L’Organisation mondiale du commerce peut faire certaines choses. Nous pourrions être plus agressifs dans notre utilisation de celui-ci. Mais c’est un corps lent et maladroit au dénominateur le plus bas, donc ce n’est certainement pas suffisant. Et alors, que pouvez-vous faire avec efficacement comme des coalitions de la volonté issue par issue? C’est essentiellement ce que les États-Unis ont fait sur Huawei.

Il a atteint ses objectifs en faisant participer de nombreux autres pays à cet égard, pour le meilleur ou pour le pire. Et, vous savez, sur quels autres problèmes cela pourrait-il se produire? Je ne sais pas, mais c’est ce que j’essaierais de comprendre si j’étais à la Maison Blanche en ce moment.

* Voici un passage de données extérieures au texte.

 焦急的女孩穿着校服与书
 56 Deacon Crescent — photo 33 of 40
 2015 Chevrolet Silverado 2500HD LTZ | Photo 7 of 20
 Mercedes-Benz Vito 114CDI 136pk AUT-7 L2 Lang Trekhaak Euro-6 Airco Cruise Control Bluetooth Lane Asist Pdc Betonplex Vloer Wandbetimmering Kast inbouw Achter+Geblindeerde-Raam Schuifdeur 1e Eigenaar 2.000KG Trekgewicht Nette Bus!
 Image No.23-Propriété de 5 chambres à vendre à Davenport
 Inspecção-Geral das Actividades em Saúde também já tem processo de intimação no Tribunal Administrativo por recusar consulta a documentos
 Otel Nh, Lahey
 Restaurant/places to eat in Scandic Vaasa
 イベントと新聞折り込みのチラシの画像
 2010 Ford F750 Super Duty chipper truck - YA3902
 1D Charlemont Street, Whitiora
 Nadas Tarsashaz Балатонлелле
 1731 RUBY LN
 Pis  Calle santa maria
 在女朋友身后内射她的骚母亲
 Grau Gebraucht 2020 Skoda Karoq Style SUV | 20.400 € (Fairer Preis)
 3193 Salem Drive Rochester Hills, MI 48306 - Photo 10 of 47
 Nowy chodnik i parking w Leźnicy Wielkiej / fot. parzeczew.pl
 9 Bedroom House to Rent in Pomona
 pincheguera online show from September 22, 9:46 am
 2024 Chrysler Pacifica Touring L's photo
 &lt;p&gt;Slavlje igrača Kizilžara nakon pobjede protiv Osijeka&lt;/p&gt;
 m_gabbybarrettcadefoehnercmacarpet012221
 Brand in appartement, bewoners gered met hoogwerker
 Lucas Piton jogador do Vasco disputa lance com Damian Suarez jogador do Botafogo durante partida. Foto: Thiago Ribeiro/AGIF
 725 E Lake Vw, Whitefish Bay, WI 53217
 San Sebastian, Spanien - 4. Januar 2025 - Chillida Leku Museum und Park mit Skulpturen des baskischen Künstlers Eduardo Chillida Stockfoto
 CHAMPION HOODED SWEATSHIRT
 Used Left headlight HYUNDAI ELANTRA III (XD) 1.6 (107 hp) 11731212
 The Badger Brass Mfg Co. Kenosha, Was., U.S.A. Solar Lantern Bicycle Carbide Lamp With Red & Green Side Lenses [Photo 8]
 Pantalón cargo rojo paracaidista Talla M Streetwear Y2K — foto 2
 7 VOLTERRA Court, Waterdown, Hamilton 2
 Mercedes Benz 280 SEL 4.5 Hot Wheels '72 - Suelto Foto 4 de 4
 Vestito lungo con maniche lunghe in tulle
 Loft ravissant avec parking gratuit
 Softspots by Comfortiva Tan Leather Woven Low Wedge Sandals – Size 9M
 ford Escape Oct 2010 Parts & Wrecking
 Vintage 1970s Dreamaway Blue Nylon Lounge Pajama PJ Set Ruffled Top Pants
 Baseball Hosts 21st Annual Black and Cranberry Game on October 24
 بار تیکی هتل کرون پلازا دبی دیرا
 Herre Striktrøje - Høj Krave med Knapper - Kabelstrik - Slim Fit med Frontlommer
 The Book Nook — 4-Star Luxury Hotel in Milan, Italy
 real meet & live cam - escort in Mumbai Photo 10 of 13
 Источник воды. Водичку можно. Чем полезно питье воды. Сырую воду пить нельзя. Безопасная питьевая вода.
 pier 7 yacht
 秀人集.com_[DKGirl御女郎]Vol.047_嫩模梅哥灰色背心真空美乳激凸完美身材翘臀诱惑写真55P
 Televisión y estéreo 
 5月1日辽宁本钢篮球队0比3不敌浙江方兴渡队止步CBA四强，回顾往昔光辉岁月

BRIAN CHEUNG: Et puis, professeur Furman, brièvement pendant que nous vous avons, je voudrais vous poser une question sur la politique fiscale. C’est un sujet très brûlant en ce moment. Secrétaire au Trésor Janet Yellen, je dois encore m’habituer à appeler sa secrétaire au Trésor, pas le président de la Fed. Mais elle a appelé à un taux d’imposition minimum coordonné à l’échelle mondiale, mais il semble que ce soit un long chemin pour convaincre des pays comme la Chine et la Russie, mais l’administration en voit clairement la nécessité. Quelle est votre lecture à ce sujet?

JASON FURMAN: D’après moi, il n’y a jamais eu de meilleur moment pour négocier quelque chose comme ça à l’échelle mondiale. Il y a beaucoup de défis, mais beaucoup de pays sont intéressés. L’autre chose est que vous n’avez pas besoin que tous les pays soient d’accord. Si les grandes économies ont un taux d’imposition minimum, elles appliqueront un taux d’imposition de 21% à leurs entreprises partout où elles exercent leurs activités dans le monde.

Et puis, tout à coup, les pays récalcitrants qui imposent moins de 21%, ils perdront tout simplement des revenus. La France, l’Allemagne et les États-Unis percevront la taxe de 21% alors que ce pays ne le fera pas. Je pense donc qu’il y a beaucoup de – vous savez, je pense qu’il y a beaucoup de capacité à faire participer les principaux acteurs. Et je pense que cela changerait vraiment la donne.

BRIAN CHEUNG: Très bien. Eh bien, nous verrons si cela se produit. Mais une conversation de grande envergure juste là. Merci encore de nous avoir rejoints ici au forum Yahoo Finance États-Unis-Chine. Professeur d’économie à l’Université de Harvard Jason Furman. Merci beaucoup aujourd’hui.

JASON FURMAN: Merci.

BRIAN CHEUNG: Et nous reviendrons tout de suite après ça.